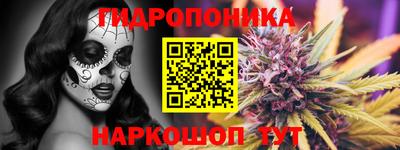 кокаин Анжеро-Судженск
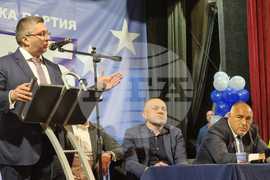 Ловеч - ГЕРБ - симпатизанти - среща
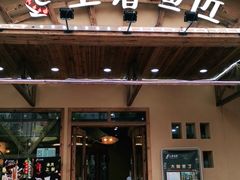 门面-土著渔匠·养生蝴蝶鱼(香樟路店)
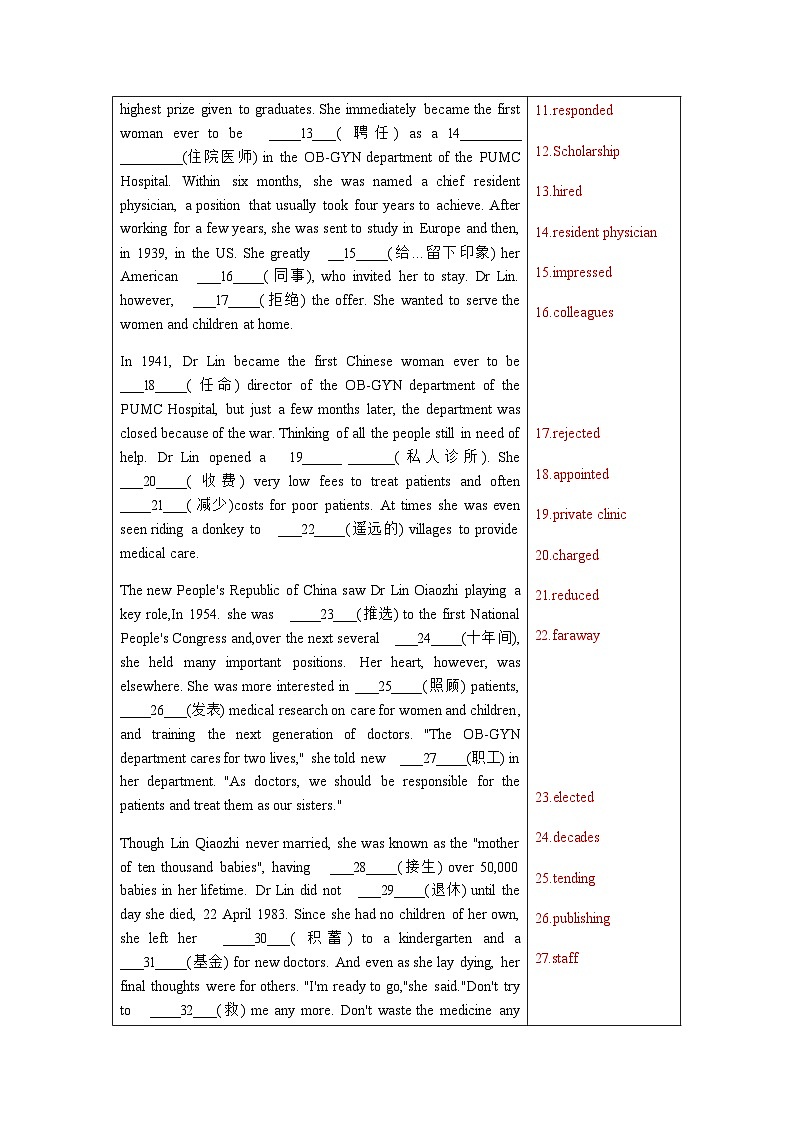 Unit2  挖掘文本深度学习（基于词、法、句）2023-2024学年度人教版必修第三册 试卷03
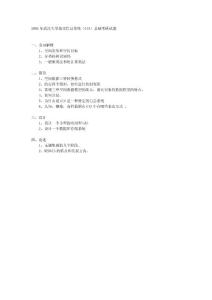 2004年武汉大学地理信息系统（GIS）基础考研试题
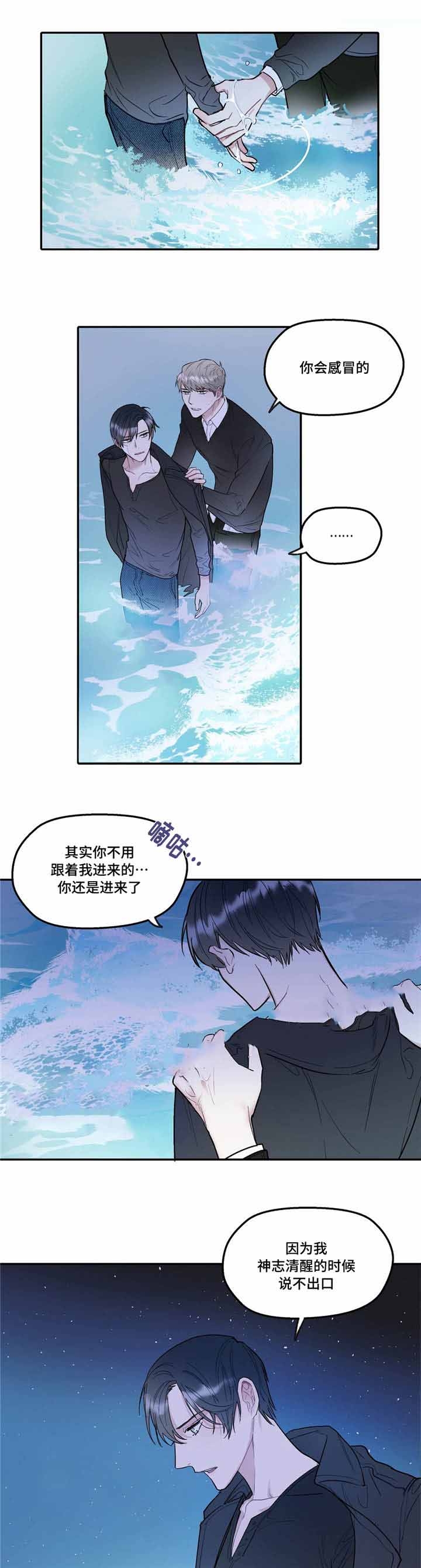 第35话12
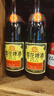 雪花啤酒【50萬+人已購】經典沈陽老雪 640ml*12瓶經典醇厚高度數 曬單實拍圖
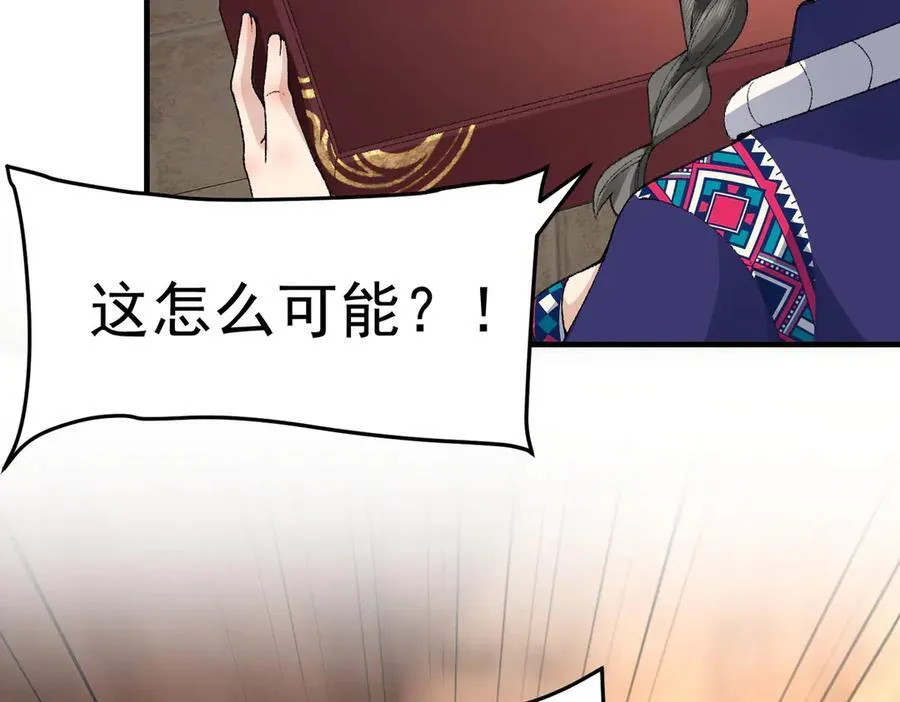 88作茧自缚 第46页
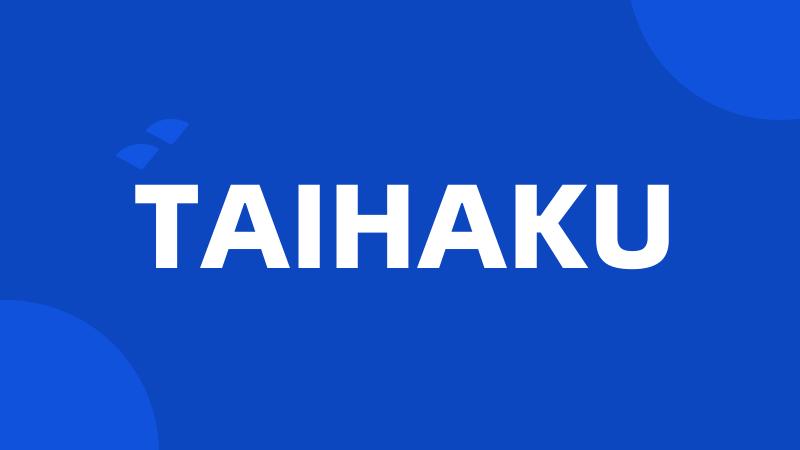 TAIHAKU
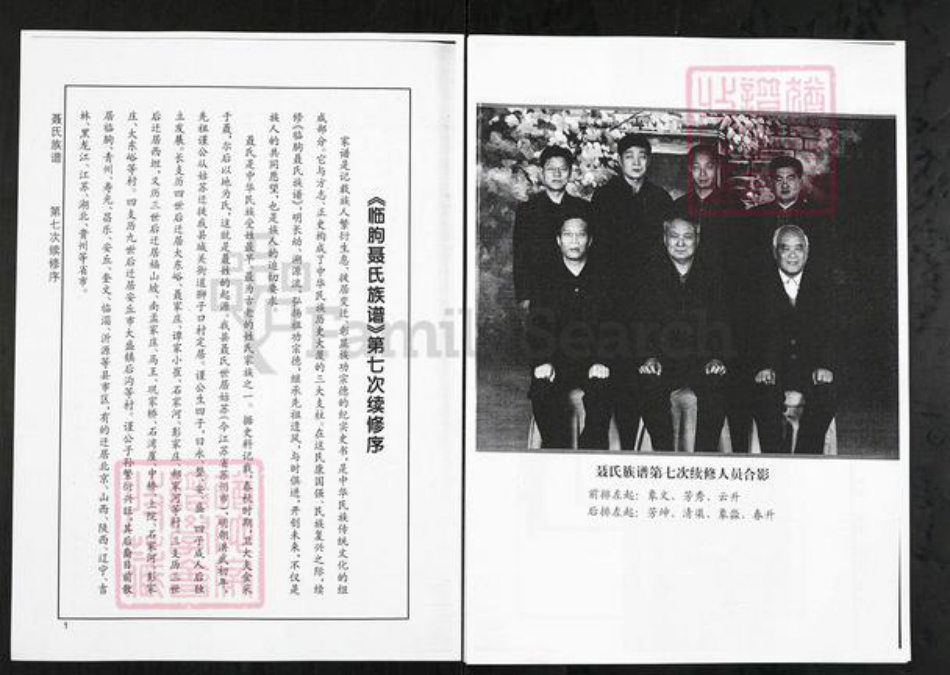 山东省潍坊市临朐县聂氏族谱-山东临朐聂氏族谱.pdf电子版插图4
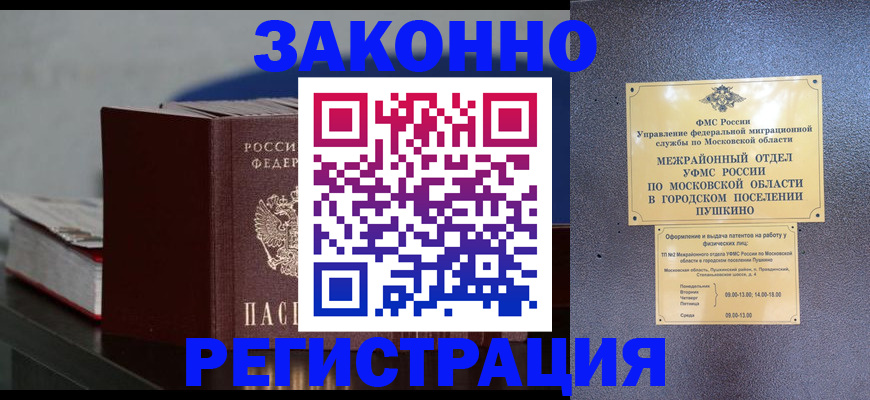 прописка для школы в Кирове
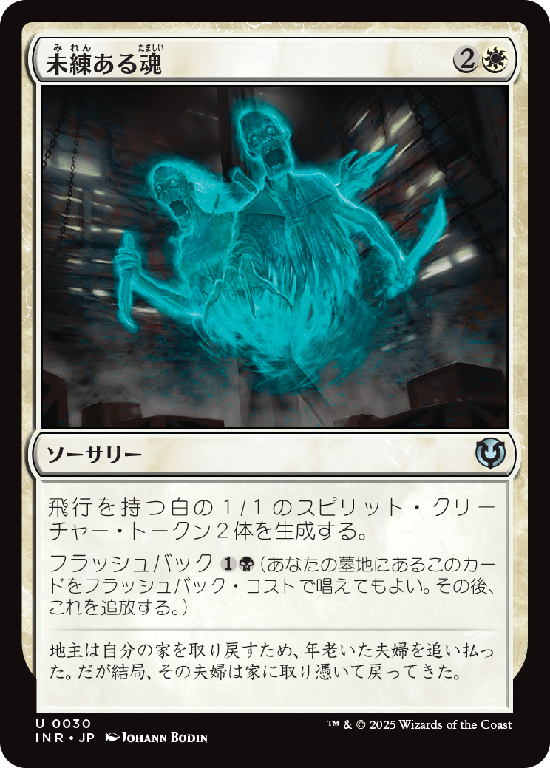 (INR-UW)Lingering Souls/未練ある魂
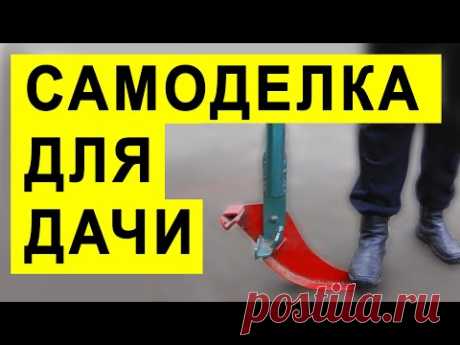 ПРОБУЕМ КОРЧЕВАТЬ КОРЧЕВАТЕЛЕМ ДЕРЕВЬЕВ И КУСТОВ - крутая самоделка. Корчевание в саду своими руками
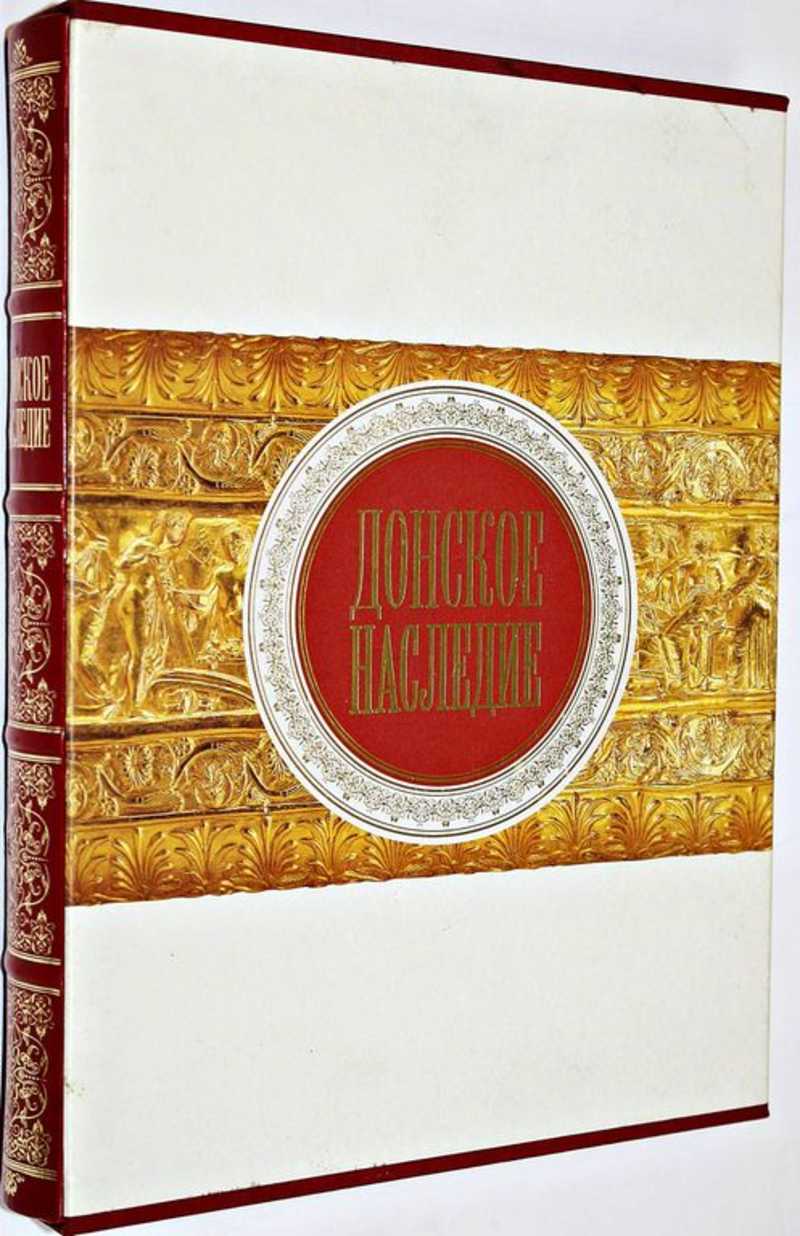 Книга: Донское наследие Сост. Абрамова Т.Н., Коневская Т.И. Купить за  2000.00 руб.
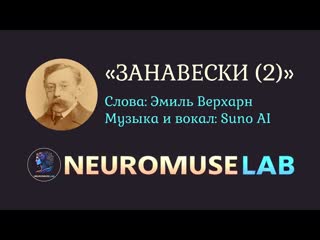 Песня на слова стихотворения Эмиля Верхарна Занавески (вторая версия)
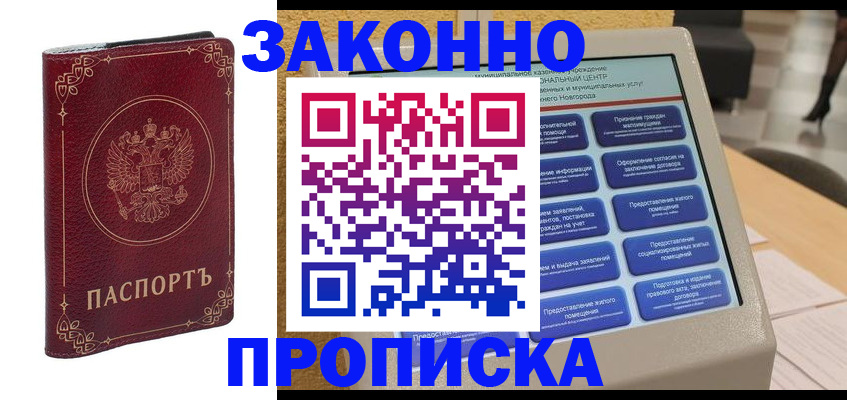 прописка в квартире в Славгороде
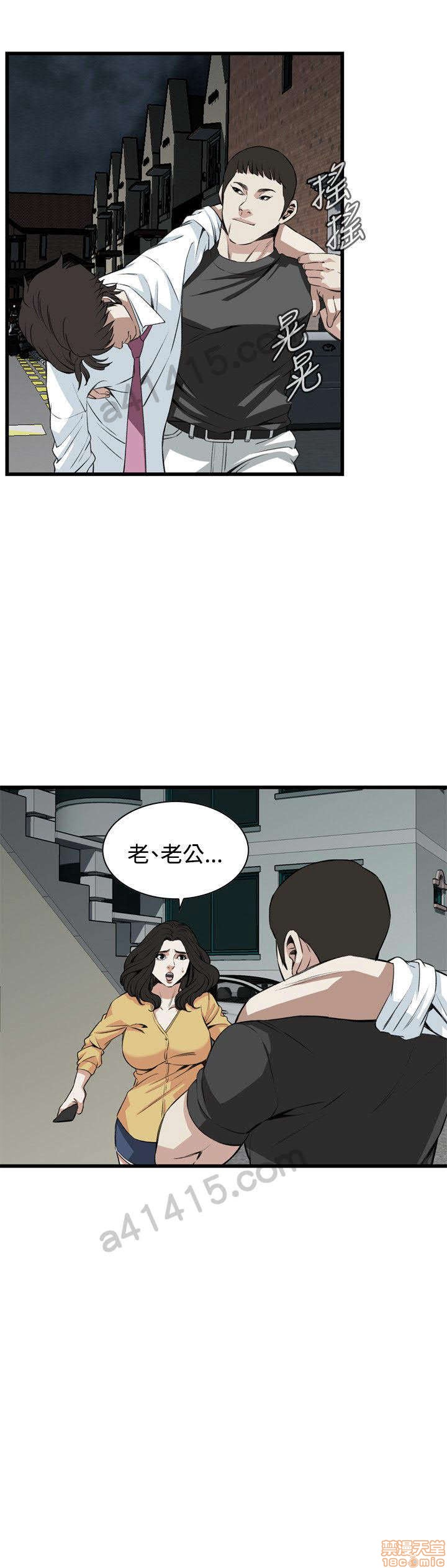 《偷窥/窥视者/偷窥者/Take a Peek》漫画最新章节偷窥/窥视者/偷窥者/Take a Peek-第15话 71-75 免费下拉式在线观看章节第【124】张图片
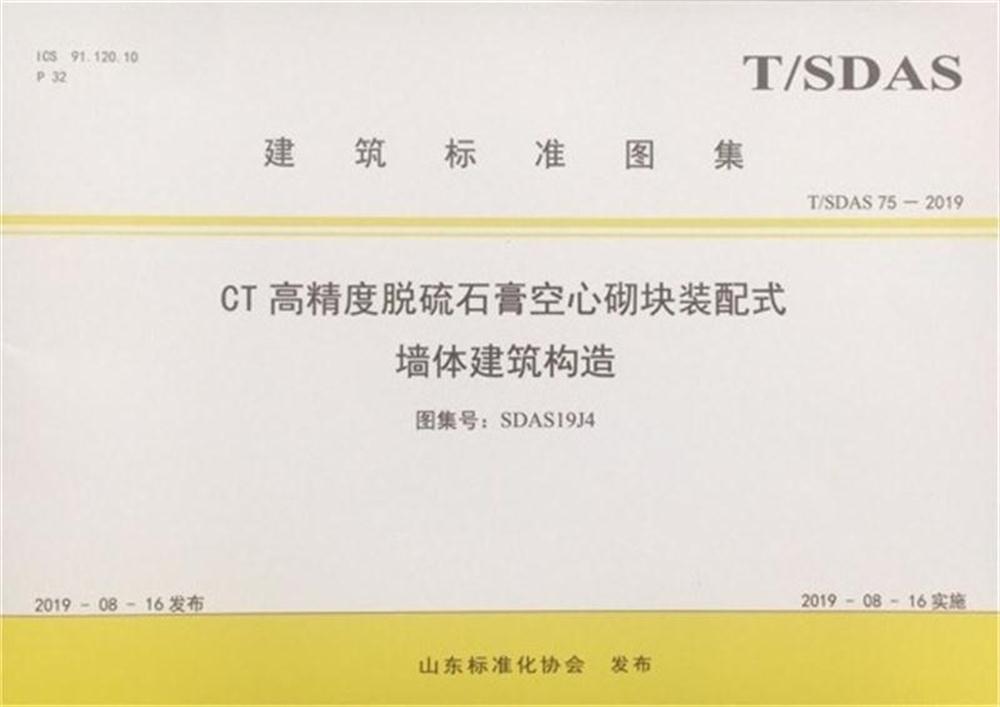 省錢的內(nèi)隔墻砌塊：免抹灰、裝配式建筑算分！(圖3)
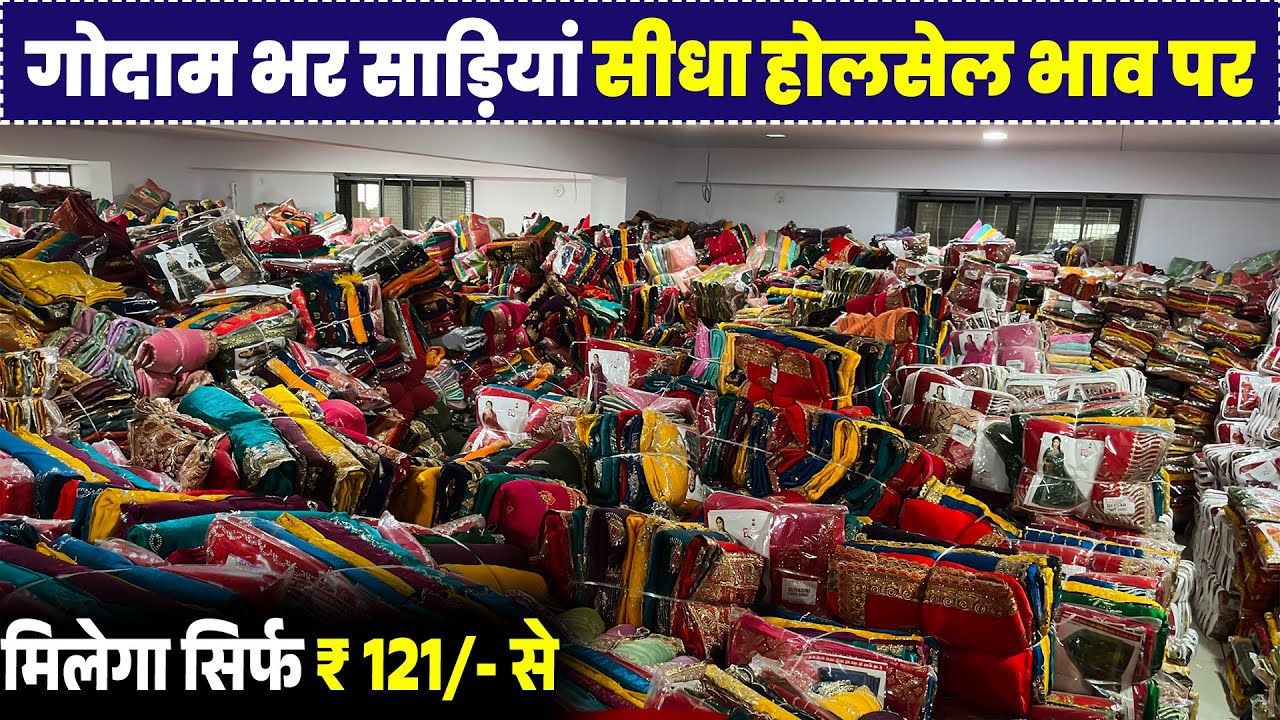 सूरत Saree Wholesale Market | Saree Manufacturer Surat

-*-*-

* _AIM OF THE TASK_: Leaving each picture behind, please give again exactly the lines above from the one with "2004年武汉大学地理信息系统（GIS）基础考研试题" through the one with "прописка в квартире в Славгороде", both included, and no others.

* _REPLY_:
 2004年武汉大学地理信息系统（GIS）基础考研试题
 第35话12
 雪花啤酒【50萬+人已購】經典沈陽老雪 640ml*12瓶經典醇厚高度數 曬單實拍圖
 88作茧自缚 第46页
 TAIHAKU
 山东省潍坊市临朐县聂氏族谱-山东临朐聂氏族谱.pdf电子版插图4
 прописка для школы в Кирове
 (INR-UW)Lingering Souls/未練ある魂
 ПРОБУЕМ КОРЧЕВАТЬ КОРЧЕВАТЕЛЕМ ДЕРЕВЬЕВ И КУСТОВ - крутая самоделка. Корчевание в саду своими руками
 Книга: Донское наследие Сост. Абрамова Т.Н., Коневская Т.И. Купить за  2000.00 руб.
 Песня на слова стихотворения Эмиля Верхарна Занавески (вторая версия)
 прописка в квартире в Славгороде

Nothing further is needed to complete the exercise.